This analysis, however, fundamentally misreads Lord Mance. Although it is true that his Lordship drew on Racal in the course of rendering judgment, when his judgment is read as a whole it is clear that his intention in doing so was to stress that the effect of a finality clause is always to be determined by a process of construction which places that provision in its broader legal context. At no point in his judgment, furthermore, does his Lordship engage in a process of categorisation where he asks in which of Lord Diplock’s categories the NICA is to be placed. The language of ‘jurisdictional’ and ‘non-jurisdictional’ errors is, furthermore, wholly absent from Lord Mance’s judgment.
If anything is apt to provide a ‘recipe for jurisdictional confusion,’ in other words, it is not the Supreme Court’s judgment. Lord Mance’s message and conclusion is quite clear and straightforward: when faced with a finality clause the central question is always what that clause protects when it is read properly and in its broader legal context. When this is done in relation to Article 61(7), furthermore, it is clear that that provision protects only a specific class of the NICA’s decisions. Confusion, rather, breeds when that judgment, or judgments generally, are forced into legal frameworks which are not actually deployed by judges themselves.
Privacy International
It is useful to conclude this post by offering a few words on the importance of this case in the upcoming hearing of Privacy International in the Supreme Court. Lord Mance’s judgment might give us a useful indication of what we might expect. Two major themes in particular run through it. Firstly, the importance of reading finality clauses in their broader legal context. We should expect the Supreme Court, therefore, to be highly attentive to the question of what section 67(8) of the Regulation of Investigatory Powers Act 2000 (‘RIPA’) means when that provision is read against the background of the broader legislative framework in which it arises and to concern itself much less with questions such as how the Investigatory Powers Tribunal is to be classified against a categorisation scheme such as that enunciated by Lord Diplock in Racal. The second theme is the recognition that a singular finality clause can have a different effect depending on what the applicant seeks to challenge. One thing which is deeply interesting about Lee v Ashers, more particularly, was that the Supreme Court clearly recognised that while Article 61(7) has the effect of protecting certain decisions of the NICA from further scrutiny it does not protect all. This is an important point in the context of Privacy International because, as Tom Fairclough has pointed out, the Court of Appeal in deciding this case clearly viewed the central question in binary terms: either s67(8) is to be read as effectively excluding the courts’ review function in its entirety or not at all. Against this background, the significance of Lee v Ashers may be that it is an indication that the Supreme Court will not think of the issue in such way and will be more open to the idea that the effect of s67(8) differs according to the nature of the challenge brought.

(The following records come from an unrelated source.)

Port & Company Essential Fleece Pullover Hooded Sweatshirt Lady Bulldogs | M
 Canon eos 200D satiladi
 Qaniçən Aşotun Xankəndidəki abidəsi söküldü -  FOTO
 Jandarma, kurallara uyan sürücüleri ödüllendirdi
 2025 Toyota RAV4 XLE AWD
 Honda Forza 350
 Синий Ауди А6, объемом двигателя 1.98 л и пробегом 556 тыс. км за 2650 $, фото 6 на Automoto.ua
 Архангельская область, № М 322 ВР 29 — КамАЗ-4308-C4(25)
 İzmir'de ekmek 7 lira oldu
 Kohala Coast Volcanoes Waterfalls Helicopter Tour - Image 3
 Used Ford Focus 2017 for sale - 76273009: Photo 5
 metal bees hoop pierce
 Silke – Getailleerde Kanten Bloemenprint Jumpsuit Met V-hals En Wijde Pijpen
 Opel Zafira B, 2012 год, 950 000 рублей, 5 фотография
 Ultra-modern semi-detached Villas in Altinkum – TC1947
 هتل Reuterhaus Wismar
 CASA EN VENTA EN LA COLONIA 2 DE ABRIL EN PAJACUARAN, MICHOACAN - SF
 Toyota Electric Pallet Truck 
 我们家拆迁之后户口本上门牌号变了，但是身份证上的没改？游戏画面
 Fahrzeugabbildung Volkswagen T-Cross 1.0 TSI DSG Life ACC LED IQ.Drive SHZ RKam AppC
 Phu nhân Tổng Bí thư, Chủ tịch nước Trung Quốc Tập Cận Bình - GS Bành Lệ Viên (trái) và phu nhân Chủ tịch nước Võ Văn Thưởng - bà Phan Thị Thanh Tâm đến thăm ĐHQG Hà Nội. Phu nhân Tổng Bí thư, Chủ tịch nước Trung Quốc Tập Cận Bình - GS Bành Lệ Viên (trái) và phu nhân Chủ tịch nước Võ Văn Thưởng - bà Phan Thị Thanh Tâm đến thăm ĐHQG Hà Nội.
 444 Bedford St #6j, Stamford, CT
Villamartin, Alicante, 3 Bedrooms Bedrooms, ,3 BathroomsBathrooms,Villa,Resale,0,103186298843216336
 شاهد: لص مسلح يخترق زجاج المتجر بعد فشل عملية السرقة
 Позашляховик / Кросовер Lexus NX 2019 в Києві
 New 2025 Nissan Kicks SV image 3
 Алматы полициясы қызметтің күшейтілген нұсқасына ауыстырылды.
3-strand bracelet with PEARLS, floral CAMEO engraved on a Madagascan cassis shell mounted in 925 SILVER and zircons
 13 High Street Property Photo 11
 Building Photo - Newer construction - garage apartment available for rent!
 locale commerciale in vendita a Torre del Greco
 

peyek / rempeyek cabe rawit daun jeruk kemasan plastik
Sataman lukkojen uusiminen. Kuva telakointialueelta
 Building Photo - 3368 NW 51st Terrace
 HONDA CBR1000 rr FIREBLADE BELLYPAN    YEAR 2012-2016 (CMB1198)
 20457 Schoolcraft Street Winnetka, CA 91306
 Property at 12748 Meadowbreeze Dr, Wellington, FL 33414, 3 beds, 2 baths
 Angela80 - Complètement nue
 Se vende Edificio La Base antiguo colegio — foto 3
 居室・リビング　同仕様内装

Dr Joana Bell is College Lecturer and Fellow at St John’s College and Affiliated Lecturer at the Faculty of Law, University of Cambridge.
(Suggested citation: J. Bell, ‘The Supreme Court’s Approach to the Finality Clause in Lee v Ashers: A Response to Anurag Deb & Conor McCormick & Looking Forward to Privacy International‘, U.K. Const. L. Blog (23rd Oct. 2018) (available at https://ukconstitutionallaw.org/))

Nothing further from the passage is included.